For me the benefit of talking out loud would be more a matter of focus. I have an inner conversation anyway and so it would be just saying the same words as I am already saying on the inside (which might slow me down, but not an issue when the problem is difficult). The real point is that if I say the words then I am only going to say the words related to the problem. The words related to the distraction will not be said out loud. Therefore, making an effort to speak out loud means that there will be more focus on the problem because allowing my focus to wander onto distractions more obviously results in silence.

I definitely notice that it is at times when I am most struggling against a distraction that I start talking through my problems out loud.

I often "talk" to myself not out loud, but by typing my stream of thoughts into a text file, recording the questions I'm asking myself and the answers I'm coming up with.

Sometimes, just having a pen in my hand seems to improve the flow of thoughts, even if I don't actually write anything.

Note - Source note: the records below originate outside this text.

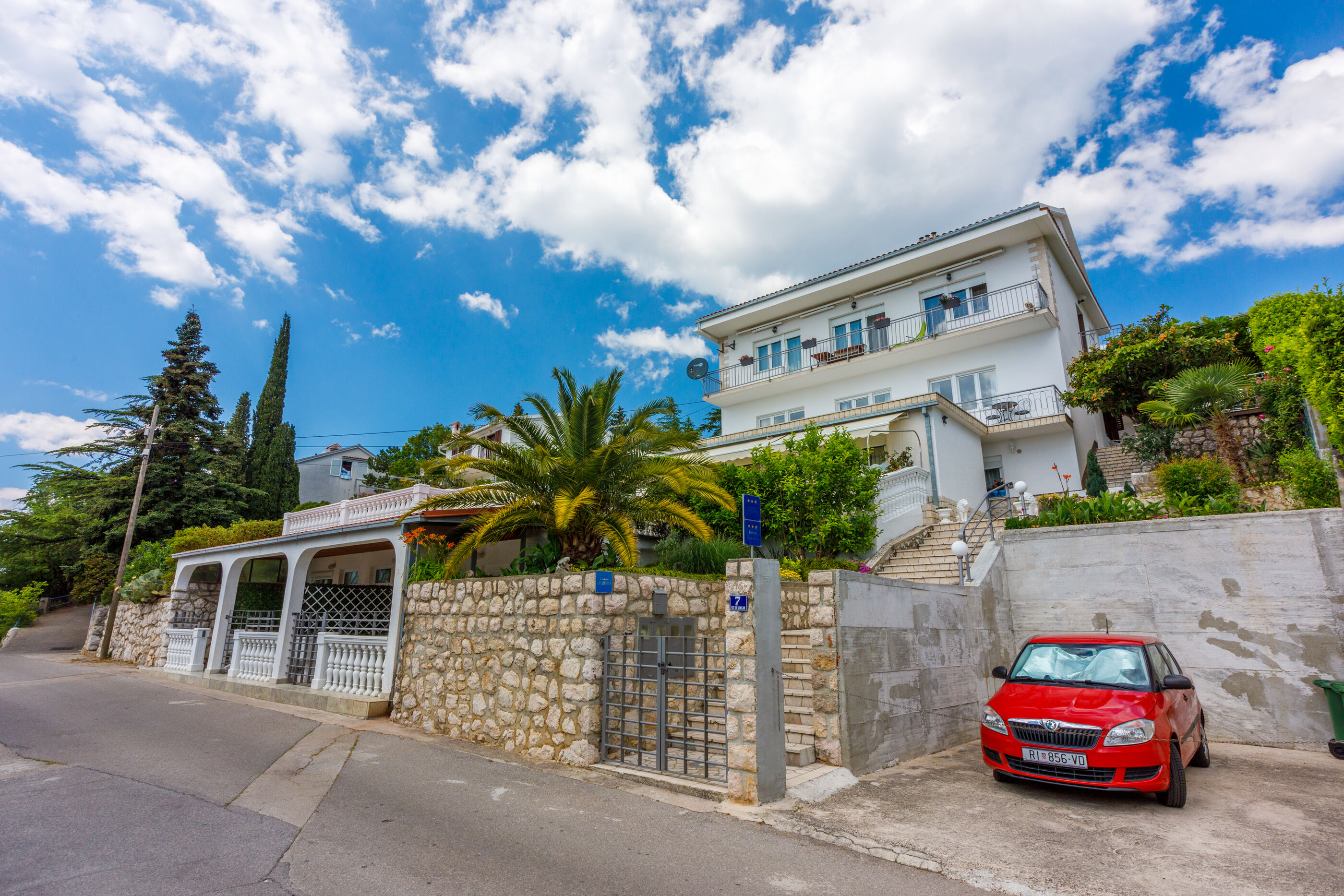 Apartments LORY 77951-A2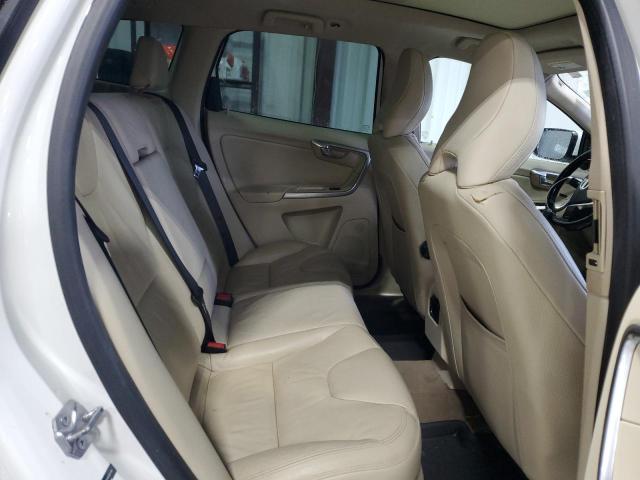 Photo 11 from auction – 2014 VOLVO XC60 T6 with VIN YV4902DZ3E2551799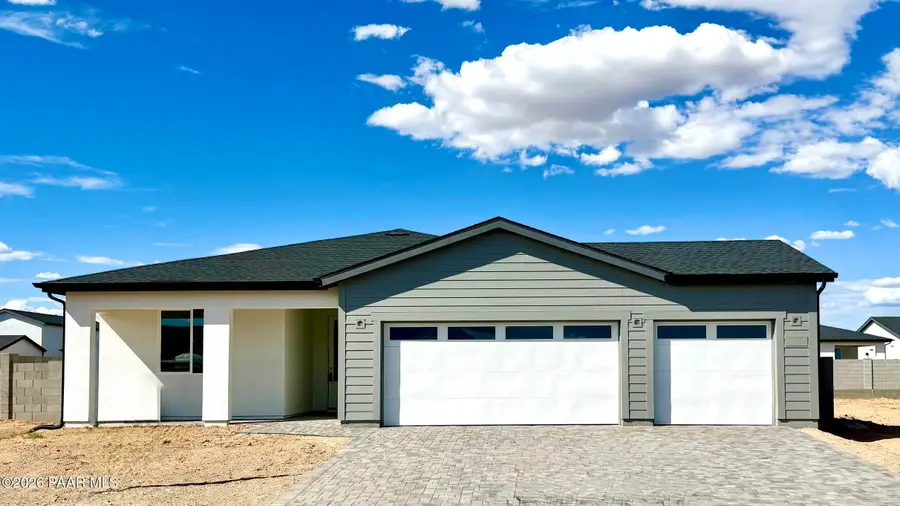 7362 E Bison Road, Prescott Valley, AZ 86315 - #2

Two anecdotes are relevant here.

Lewis Carroll from the introduction to his Symbolic Logic:

If possible, find some genial friend, who will read the book along with you, and will talk over the difficulties with you. Talking is a wonderful smoother-over of difficulties. When I come upon anything——in Logic or in any other hard subject——that entirely puzzles me, I find it a capital plan to talk it over, aloud, even when I am all alone. One can explain things so clearly to one’s self! And then, you know, one is so patient with one’s self: one never gets irritated at one’s own stupidity!

And Henry Hazlitt from his Thinking As a Science:

Fortunately there is one method superior to any yet named, which requires no study before its application, and no paraphernalia during it. It consists in simply talking your thoughts as you think them. One who has not tried this can have no idea of its effect. It possesses almost all the advantages of writing. You cannot wander without realizing the fact immediately. It makes your thinking much less vague than if you thought silently, increases your vocabulary, always keeps pace with your ideas, and requires practically no attention.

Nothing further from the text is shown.